The other thing that happens is that I am getting a great deal of encouragement to break out of the self-imposed mind-set of being a 2nd violinist. Now, understand that we all understand how important and valuable a good 2nd is to a group, and no one is devaluing it in the slightest. Rather, I am being encouraged to push against my personal boundaries for my own development. And what is the main difference usually between 1st and 2nd violin parts? Range.... as a committed 2nd violinist (and substitute violist) I've gotten very rusty and a little afraid of the extreme upper range. My mental 'map' is shaky in anything above 6th position.
So, this year, I decided that it was time to take these two observations and really choose to DO something about them.
I decided that this was the year that I was going to focus on ME and my musical development again. And I decided that I was going to do that by playing 1st violin all season in our orchestra. My concert mistress usually uses me as the flex-er, to go where needed, but is happy for me to play 1st, so I explained what my focus was for the year and off we've gone (with the exception of that one concert where I was drafted as an emergency violist).
This orchestra plays 6 concerts a year. Our latest was just this past Saturday, and it was a Doozy. Liszt piano concerto, 1st of Mozart Haffner, 4th of Tschaik. 4, 3rd of Brahms 4 (a killer), Polyvetsian Dances, plus a couple of other things. The difficulty level was so great that it became a real stress to find that much time to practice at the level of focus that each piece required. I teach a studio of private students, conduct a youth orchestra, am a church musician, am in grad school and play in 2 symphonies. Time was at a premium.
I set this all up because I was reminded recently of Laurie's New Year's blog about recommitting to daily practice. As I chewed over things at New Year, I decided that that encouragement fit well into my year-long focus on my violin, even though I do not believe in New Year's Resolutions.
Juggling a very busy life, with all of the above components (added to a large family, many of whom are in crisis periods ) makes it easy to lose track. So, I decided to set-myself a self-monitoring device. I put a reminder on my on-line calendar and set it to send me a reminder email every 2 weeks. This email asks me simply, "How am I doing?" How am I doing with healthy eating, exercise and good life choices? How am I doing with keeping up on my studies, writing papers and preparing for my thesis? How am I doing on seeing people, and nurturing healthy relationships? How am I doing on being there for my kids, caring for my baby grandson whose parents are divorcing, or being a substitute mother for the motherless high school students I have and love? How am I doing on practicing my violin, on preparing my various orchestra pieces, on growing myself in confidence and ability in the extreme upper range? How am I doing?

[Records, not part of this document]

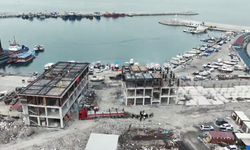 İskenderun’da Yeni Sahil Güvenlik Hizmet Binası Yükseliyor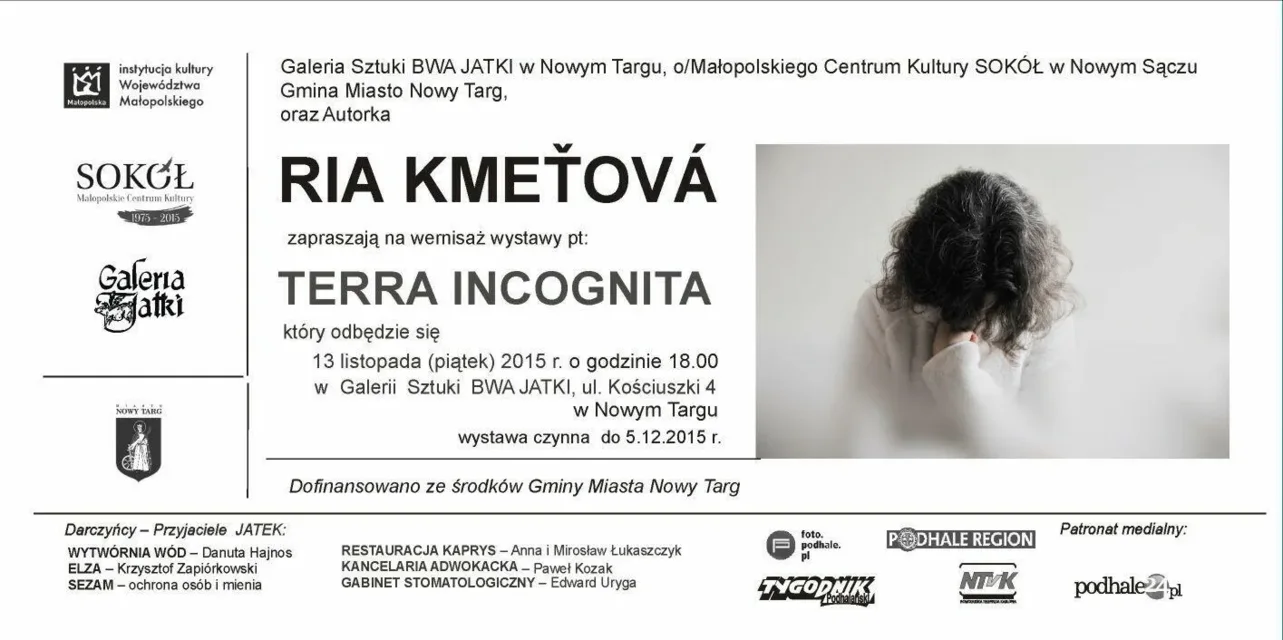 Wernisaż wystawy pt: TERRA INCOGNITA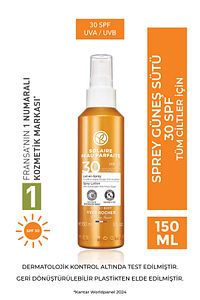 Vücut Güneş Spreyi - SPF 30 / Solaire Peau Parfaite-150 ml-32276 ürün fotoğrafı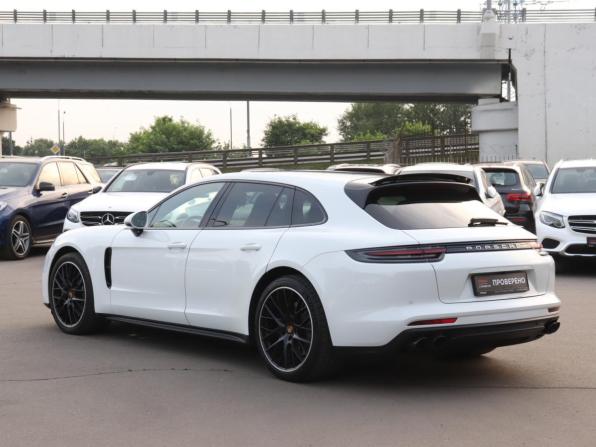 Porsche Panamera II с пробегом 2018 года, цена 7 100 000 рублей, 49070 км, универсал, Автокод Объявления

And the answer, sometimes, actually is "Not so well, this week." Especially during the week that I have a giant paper due, or am accompanying my daughter on audition trips, or...or...or.
But, I got to listen to a recording of our orchestra concert from this past weekend. And I realized, while listening to us (and thinking, 'this is really US?') that the answer is also, "Wow!. I'm doing great!" Because,for adult musicians who are balancing work and family and health and spiritual and intellectual pursuits, there just will be times when "how I'm doing" could feel like failure, if approached perfectionistically. However, "How am I doing?" is simply a question I ask as I press forward...and the destination, and progress toward it is what really counts.
I have not come even close to practicing every day so far this year. In fact, being away from home this week, I won't be practicing at all the whole week. But having had a real world chance to measure my progress against the high-speed 1st violin part of the 4th movement of the Tchaikovsky 4th symphony, I know that I'm achieving my goal. For this musician, at this stage of life, I'm doing just fine.
That was interesting what your CM said to you about your personal goals and your seating in the group. How involved is she generally in the orchestra seating and the other violinists' goals and so on?